C++ and pytorch inference discrepancy

I’m comparing inference in a traced model using (1) python and (2) c++. The outputs are different. Has anyone successfully run GPT-2 inference with c++?

xposted here: https://github.com/pytorch/pytorch/issues/36891

python version: 3.7.4
torch version: 1.4.0
transformers version: 2.6.0

Creating the model in python

from transformers import GPT2LMHeadModel
model = GPT2LMHeadModel.from_pretrained("distilgpt2", 
            pad_token_id=tokenizer.eos_token_id,
            torchscript=True)
test_text = 'The bear went over the mountain to see'
tokens_tensor = torch.tensor([tokenizer.encode(test_text)])
traced_model = torch.jit.trace(model, [tokens_tensor])
torch.jit.save(traced_model,"traced_distilgpt2.pt")

Inference in pytorch

loaded_model = torch.jit.load("traced_distilgpt2.pt")
outputs = loaded_model(torch.tensor([[464, 6842, 1816,  625,  262, 8598,  284,  766]]))

torch.max(outputs[0],2)
>> torch.return_types.max(values=tensor([[-26.7050, -53.3268, -66.3666, -50.1084, -54.8050, -72.4056, -55.2586,-63.5215]], grad_fn=<MaxBackward0>),
indices=tensor([[ 383,  373,  319,  262, 1353,  290,  262,  262]]))
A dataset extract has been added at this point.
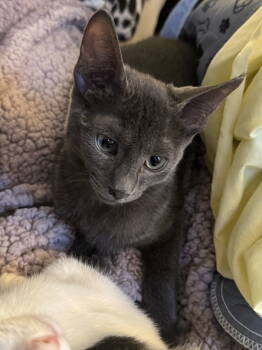 Rescue Domestic Short Hair Cats for Adoption in Walled Lake, Michigan - Sosie | PetCurious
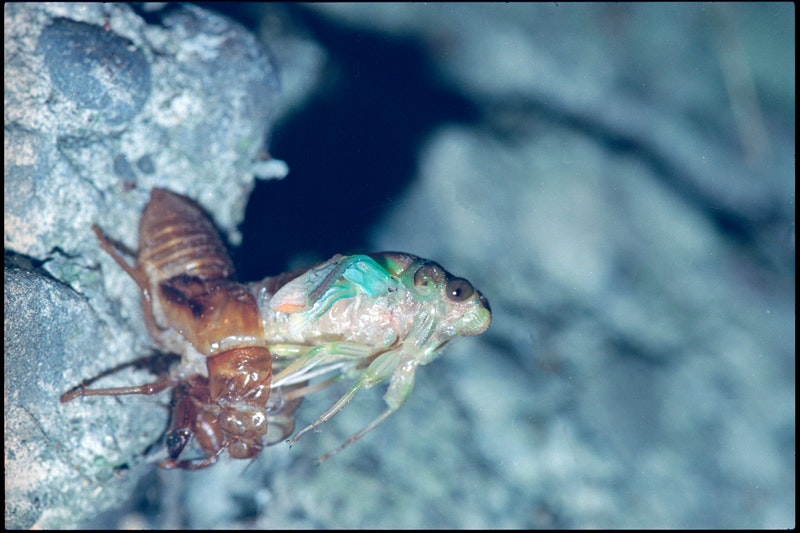 This cicada is in the process of transforming and emerging from its cast-off pupa skin. The cicada is rather small and emerges on a grey stone, the background is blurred.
torch.min(outputs[0][:, :, :],2)
>>torch.return_types.min(
values=tensor([[ -47.3794,  -77.6341,  -95.8365,  -75.3026,  -81.6899, -103.6701, -83.0335,  -93.0259]], grad_fn=<MinBackward0>),
indices=tensor([[  154,  7134, 31204, 22997, 10298, 31204, 22997, 31573]]))

Inference in c

int main(int argc, const char* argv[]) {

  torch::jit::script::Module module;
  module = torch::jit::load(argv[1]);
  std::cout << "Model loaded.\n";
  module.eval(); // just in case?

  torch::Tensor x = torch::tensor({464, 6842, 1816,  625,  262, 8598,  284,  766},
    torch::dtype(torch::kInt64)).reshape({8, 1});
  std::vector<torch::jit::IValue> inputs;
  inputs.push_back(x);

  // Execute the model and turn its output into a tensor (all_encoder_layers).
  torch::Tensor out = module.forward(inputs).toTuple()->elements()[0].toTensor();

  auto z = torch::max(out, /*dim=*/2);
  std::cout << std::get<0>(z) << '\n';
  std::cout << std::get<1>(z) << '\n';

  z = torch::min(out, /*dim=*/2);
  std::cout << std::get<0>(z) << '\n';
  std::cout << std::get<1>(z) << '\n';

  return 0;
}

Output from running c exe (with argv[1] = “traced_distilgpt2.pt”) :

[ Variable[CPULongType]{8,1} ]
-26.7050
-28.0251
-29.0539
-28.2608
-26.3226
-28.0652
-26.8328
-28.5087
[ Variable[CPUFloatType]{8,1} ]
 383
 383
 383
 383
 383
 383
 383
 383
[ Variable[CPULongType]{8,1} ]
-47.3794
-48.2470
-49.5565
-49.0826
-46.3104
-48.5934
-47.3013
-49.1308
[ Variable[CPUFloatType]{8,1} ]
 154
 154
 154
 154
 154
 154
 154
 154
[ Variable[CPULongType]{8,1} ]

Observation:
The models agree for the first token (position=0) but for positions 1-7 the encoder outputs disagree.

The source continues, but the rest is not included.